The first rule: Verb tenses are very important in Rob Ford’s office. For instance, the mayor is on record as saying, “I do not use crack cocaine.” Note that he did not say, “I have never used crack cocaine.” With that in mind, we’d like to officially welcome you on board and say, “You are not regretting this decision for the rest of your career.”
Here’s some general information you may find handy:
- The mayor is not a fictional character. We want to be upfront about that. A lot of people seem surprised when they find out.
- Employees of the mayor are expected to be at work in time for the 9 a.m. meeting. Did you bring doughnuts?

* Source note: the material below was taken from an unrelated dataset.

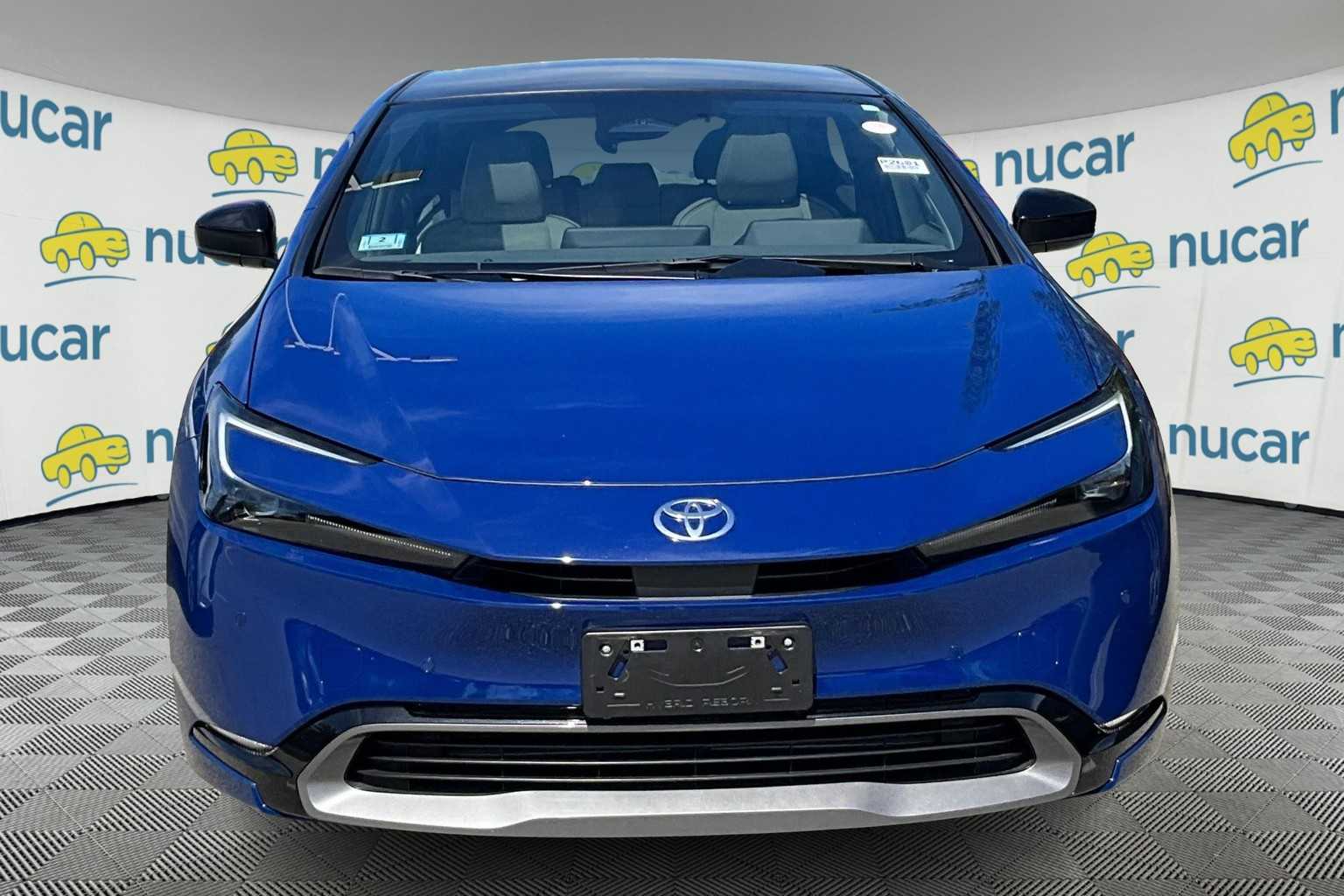 2024 Toyota Prius XLE - Photo 2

The new guy usually brings doughnuts to the 9 a.m. meeting. (The meeting is to eat the doughnuts.)
- New employees are obligated to watch a training video that provides insight into the effects of Mayor Ford’s leadership on the city of Toronto. The video is the 1998 blockbuster Deep Impact. The mayor is the comet.
- Shirtlessness in the mayor’s office is at all times frowned upon. (Exceptions: shirtless Fridays, summer weekdays, shirts vs. skins food fights, post-lunch mustard-stain issues, Fight Club, extreme itchiness, mild itchiness, “forgot shirt,” annual spring Pink Belly tournament, double dares.)
- According to protocol, Mayor Ford is to be referred to as “Your Worship” or “Sir.” The mayor prefers to address his employees by a nickname he himself assigns. That nickname is always “Peckerhead.”
- You have been supplied with a smartphone. The phone, camera and video-camera features have been disabled because none of your business why. It makes an elegant coaster.
As a new employee, you will be required to fill out the kind of standard paperwork you find in any workplace. Beneficiary form. Direct deposit information. Legally binding affidavit swearing you didn’t see anything that you will have seen.
Please also ensure you contact human resources to obtain a copy of the Office of the Mayor’s ethical guidelines. (Kidding.)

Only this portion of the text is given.